No se trata aquí de una cuestión de memorias, recuerdos nostálgicos o historias que hay que repetir. Es algo totalmente distinto del tipo de presencia que podría sentir un discípulo de los antiguos profetas o de Sócrates al pensar en sus maestros. Jesús insiste en otro tipo de presencia. Es el Espíritu, el Paráclito, otro “abogado” o “consolador”, justo igual que él, quien nos permitirá verle aunque no esté presente entre nosotros. Aquí no hay ni un atisbo de todo el énfasis del evangelista en el factor “ver” que encontraremos en sus relatos de la Resurrección. No se trata de verle físicamente: tampoco el mundo le verá, sino sólo aquellos en los que more el Espíritu le reconocerán de un modo diferente. Hay, con todo, una condición para permanecer en esa comunión con Jesús y con el Padre: aceptar y obedecer sus mandamientos. En realidad, como ya le han oído decir antes (13:31-35) y volverán a oír (15:11-12), era tan sólo “un” mandamiento, y “nuevo”: el amor mutuo. Eso hará que los demás los reconozcan como discípulos suyos. Y, por encima de todo, eso hará que él rece al Padre para que les envíe ese otro Paráclito, Abogado o Consolador: él les permitirá verle y comprender las muchas cosas que le han quedado por decirles y que necesitan saber.
[h2] Meditatio:
A los cristianos a veces se nos considera personas crédulas, ingenuas, sometidas a la fascinación de un mero espejismo religioso. Se da por supuesto que seguimos una sombra vacua y que no hay racionalidad alguna en lo que creemos y defendemos. Pedro, en la segunda lectura de hoy, invita a los cristianos a estar preparados para “dar razón” de nuestra esperanza (1 Pedro 3:15-16). Las orientaciones que ofrece el apóstol son sencillas y claras: respetemos la conciencia de los demás, pero seamos firmes en nuestras convicciones y coherentes en nuestro comportamiento. Podríamos decir en tono humilde: seamos fieles al Espíritu que mora en nosotros, y dejemos que brille Cristo en nuestra manera de vivir. Sería también una manera de traducir en la vida práctica las palabras de Jesús: guardar sus mandamientos es el signo de nuestro amor hacia él y la verdadera garantía de que su Espíritu está en nosotros. Ese doble punto de referencia es más que suficiente para mostrar que el Espíritu prometido por Jesús no es una ilusión engañosa y que su presencia en nuestra vida es algo más que pura verborrea. Como en otras ocasiones, una pregunta muy sencilla en relación con el evangelio de hoy: ¿Es así como entendemos y vivimos la promesa de Jesús y la presencia real del Espíritu en nuestra existencia?
[h3] Oratio:
Aunque aún no hemos celebrado Pentecostés, demos gracias por el Espíritu que se derramó sobre nosotros en nuestro bautismo, que mora en nuestro interior, y nos lleva a entender y obedecer las palabras y mandatos de Jesús.

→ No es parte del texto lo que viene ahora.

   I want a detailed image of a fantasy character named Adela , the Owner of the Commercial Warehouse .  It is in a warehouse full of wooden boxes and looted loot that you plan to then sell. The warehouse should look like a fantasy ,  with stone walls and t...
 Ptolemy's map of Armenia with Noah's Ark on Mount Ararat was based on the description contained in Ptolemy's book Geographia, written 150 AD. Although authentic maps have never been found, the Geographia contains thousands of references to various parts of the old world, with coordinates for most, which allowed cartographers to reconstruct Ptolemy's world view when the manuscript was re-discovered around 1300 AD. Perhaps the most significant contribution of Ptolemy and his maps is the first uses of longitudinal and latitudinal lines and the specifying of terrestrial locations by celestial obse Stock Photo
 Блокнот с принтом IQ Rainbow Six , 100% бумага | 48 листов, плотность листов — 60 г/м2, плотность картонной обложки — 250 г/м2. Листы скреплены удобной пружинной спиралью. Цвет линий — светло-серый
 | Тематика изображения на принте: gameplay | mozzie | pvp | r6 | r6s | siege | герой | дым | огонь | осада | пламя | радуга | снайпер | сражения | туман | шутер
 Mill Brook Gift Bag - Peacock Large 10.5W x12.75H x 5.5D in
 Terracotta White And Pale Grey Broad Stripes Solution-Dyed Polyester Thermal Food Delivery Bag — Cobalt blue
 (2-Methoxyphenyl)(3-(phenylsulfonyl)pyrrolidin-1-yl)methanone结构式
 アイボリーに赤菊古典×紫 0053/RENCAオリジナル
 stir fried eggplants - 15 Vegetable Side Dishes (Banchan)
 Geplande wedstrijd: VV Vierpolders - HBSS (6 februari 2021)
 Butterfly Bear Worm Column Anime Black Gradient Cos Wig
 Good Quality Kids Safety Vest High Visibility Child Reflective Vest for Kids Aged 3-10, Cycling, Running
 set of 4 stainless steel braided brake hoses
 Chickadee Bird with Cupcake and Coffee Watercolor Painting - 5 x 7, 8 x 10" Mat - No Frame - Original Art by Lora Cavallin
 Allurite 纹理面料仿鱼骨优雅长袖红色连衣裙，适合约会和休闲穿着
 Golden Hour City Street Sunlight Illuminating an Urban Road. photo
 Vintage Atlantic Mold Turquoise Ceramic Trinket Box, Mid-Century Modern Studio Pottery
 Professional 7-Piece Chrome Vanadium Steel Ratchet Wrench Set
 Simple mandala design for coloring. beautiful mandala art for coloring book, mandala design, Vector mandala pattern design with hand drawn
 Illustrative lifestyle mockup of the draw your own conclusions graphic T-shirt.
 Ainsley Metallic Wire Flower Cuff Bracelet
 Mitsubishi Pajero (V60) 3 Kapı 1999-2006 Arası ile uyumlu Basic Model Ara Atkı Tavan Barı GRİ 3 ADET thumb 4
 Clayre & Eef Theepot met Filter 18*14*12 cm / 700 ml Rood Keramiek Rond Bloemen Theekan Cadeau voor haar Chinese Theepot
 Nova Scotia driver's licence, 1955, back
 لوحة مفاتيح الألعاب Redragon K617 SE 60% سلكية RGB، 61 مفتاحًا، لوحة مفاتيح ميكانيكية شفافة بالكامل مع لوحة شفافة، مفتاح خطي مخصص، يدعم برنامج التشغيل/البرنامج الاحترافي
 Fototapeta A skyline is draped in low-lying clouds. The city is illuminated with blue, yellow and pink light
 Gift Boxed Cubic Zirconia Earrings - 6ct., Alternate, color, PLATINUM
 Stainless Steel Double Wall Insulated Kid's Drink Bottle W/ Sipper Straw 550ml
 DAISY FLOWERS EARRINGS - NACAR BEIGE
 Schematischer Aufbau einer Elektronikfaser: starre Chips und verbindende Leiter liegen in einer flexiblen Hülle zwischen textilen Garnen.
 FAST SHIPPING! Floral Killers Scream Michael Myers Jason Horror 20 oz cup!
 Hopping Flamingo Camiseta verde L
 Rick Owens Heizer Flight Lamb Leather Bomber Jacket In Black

Recemos por nuestra sociedad secular: para que su legítima “laicidad” esté abierta al Espíritu de la verdad y se garantice a todos los ciudadanos la libertad religiosa; que se respeten y protejan los derechos de los creyentes de las diferentes comunidades y movimientos religiosos
[h4] Contemplatio:
Estamos a punto de celebrar la Ascensión del Señor y Pentecostés (los dos próximos domingos). Después de nuestro gozo pascual, “¡Hemos visto al Señor!”, como decían los discípulos, y del retorno litúrgico de Jesús, nos enfrentamos a un periodo de ausencia en un mundo secular. Convirtamos estos días en una humilde preparación leyendo cada día algún pasaje de los capítulos 14-17 del evangelio de Juan. El capítulo 17, una larga oración al Padre en favor de los discípulos, puede ofrecernos buenas razones para vivir confiados: la oración de Jesús es la fuente de nuestra esperanza.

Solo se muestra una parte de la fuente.